[What is needed] Please output only the lines running from the one that contains "ABC Alphabet Letter Tracing Dd" through the last line of the data below, exactly as they stand, with no pictures.

[Material to process]
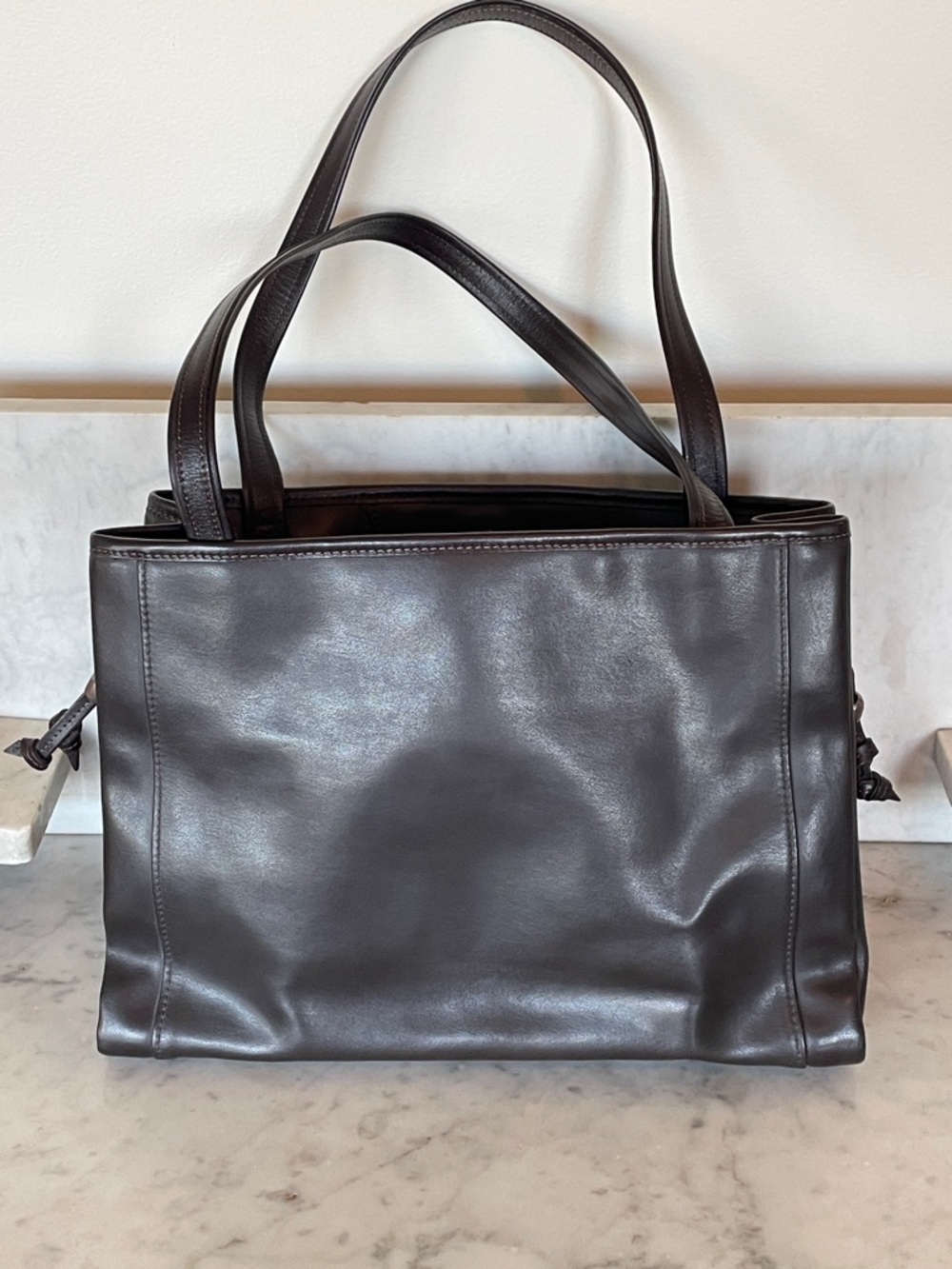LONGCHAMP Galatee Chocolate Brown Leather Shoulder Bag - Picture 6 of 16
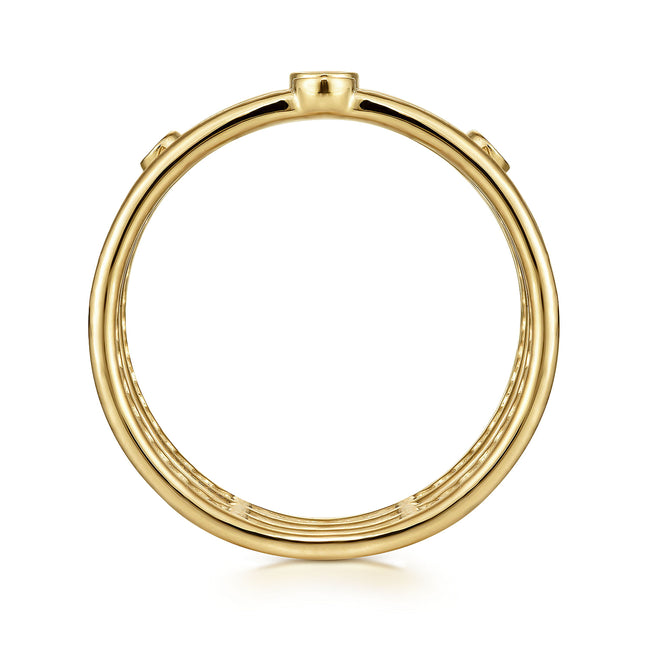 14K Yellow Gold Bezel Set Diamond Station Layered Ring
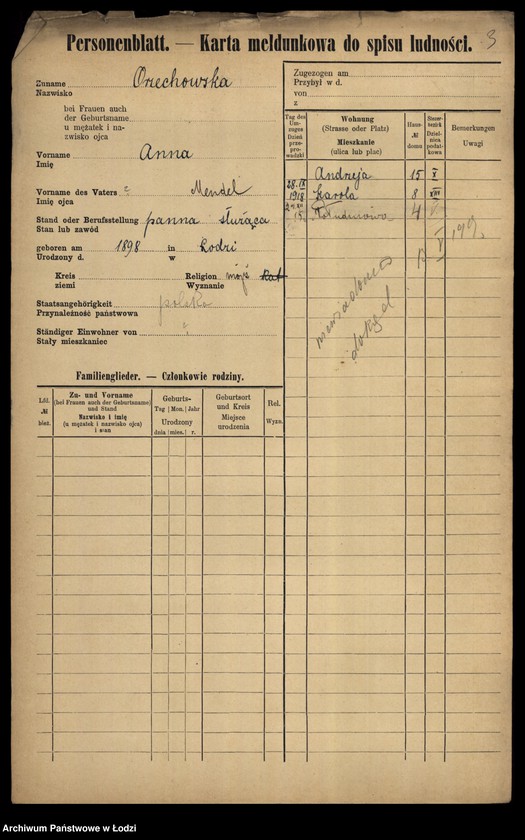 Obraz 6 z jednostki "[Spis ludności Łodzi] Orzechowska-Osiński"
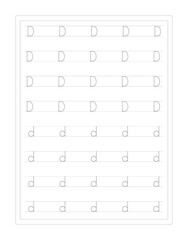 ABC Alphabet Letter Tracing Dd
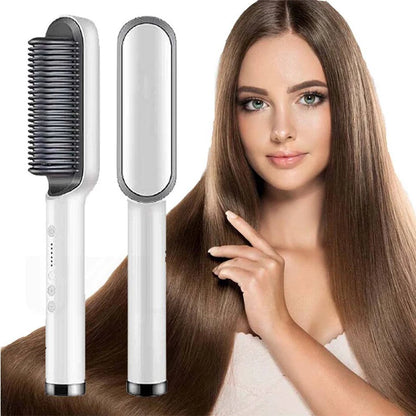 Peine de pelo liso profesional para mujer, cepillo de pelo liso portátil con revestimiento de cerámica, herramienta de peinado para salón, gran oferta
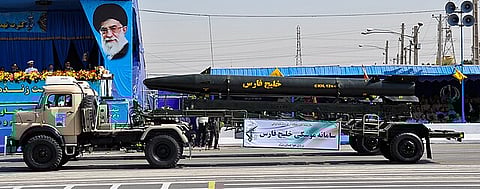 Iranian Khalij Fars missile on a transporter.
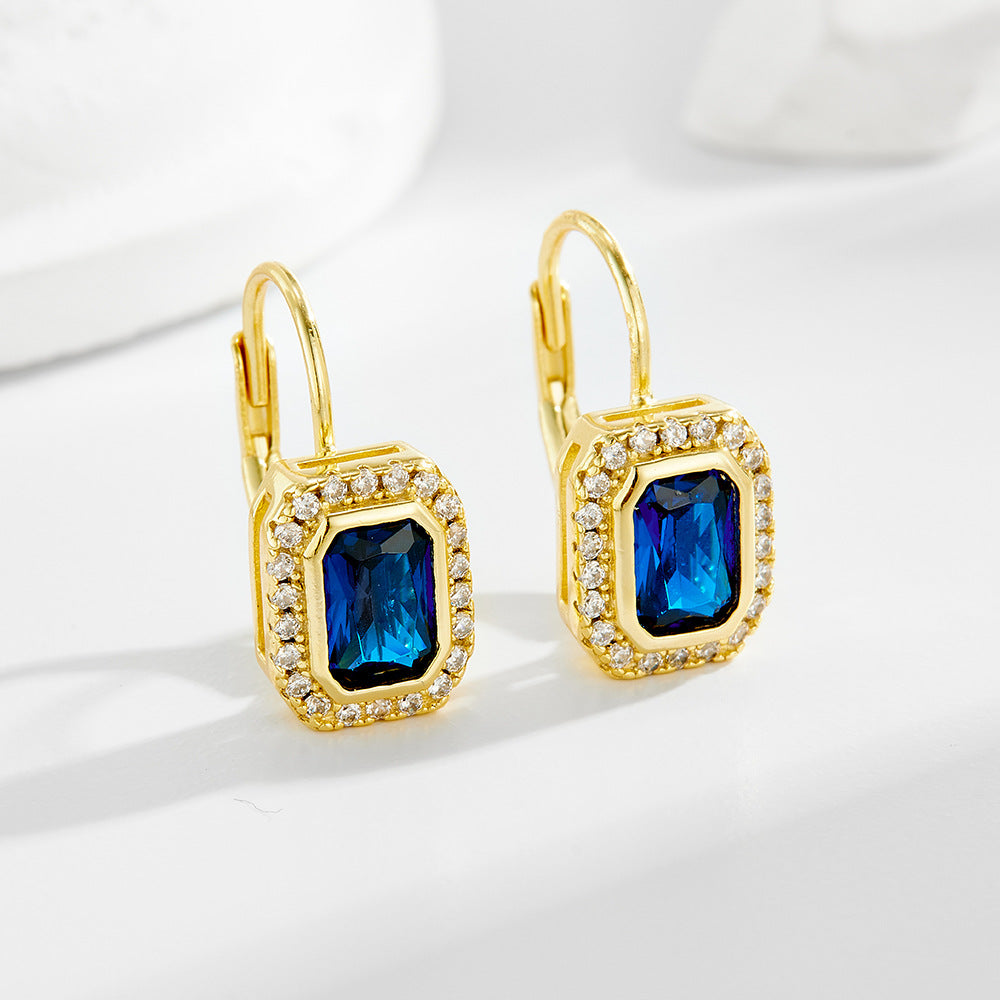 925 Sterling Silver 14K Gold Plated Square Zirconia Earrings, French Vintage Style High-End Luxury Jewelry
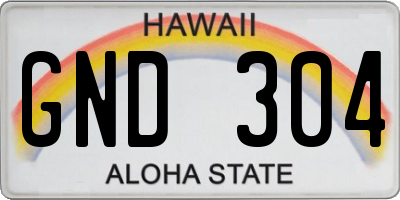 HI license plate GND304
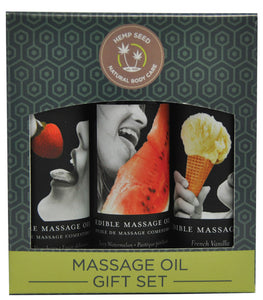 Edible Oil Massage Gift Set Box 3 2oz Bottles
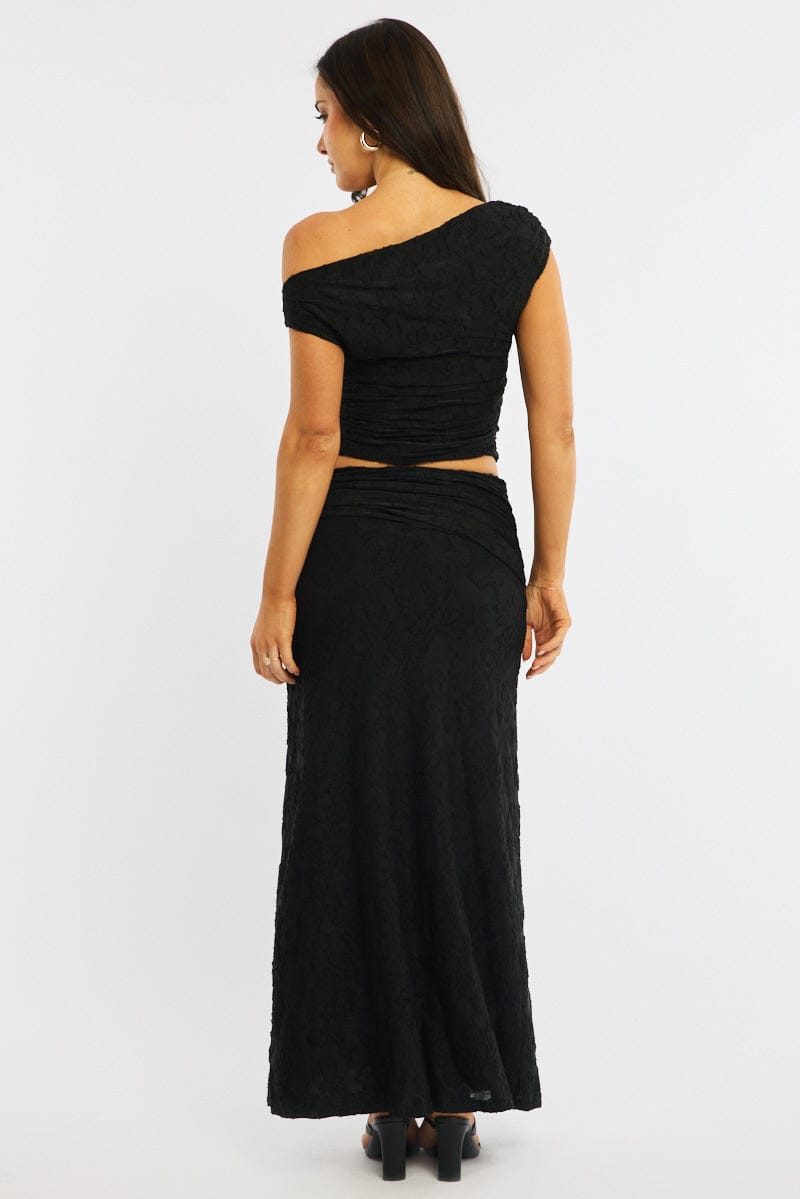 Black Maxi Skirt Textured Gathered Waist Stretch Lined for Ally Fashion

[Output below]
 ABC Alphabet Letter Tracing Dd
 Peine de pelo liso profesional para mujer, cepillo de pelo liso portátil con revestimiento de cerámica, herramienta de peinado para salón, gran oferta
 Iranian Khalij Fars missile on a transporter.
 925 Sterling Silver 14K Gold Plated Square Zirconia Earrings, French Vintage Style High-End Luxury Jewelry
 HI license plate GND304
 Edible Oil Massage Gift Set Box 3 2oz Bottles
 Black Maxi Skirt Textured Gathered Waist Stretch Lined for Ally Fashion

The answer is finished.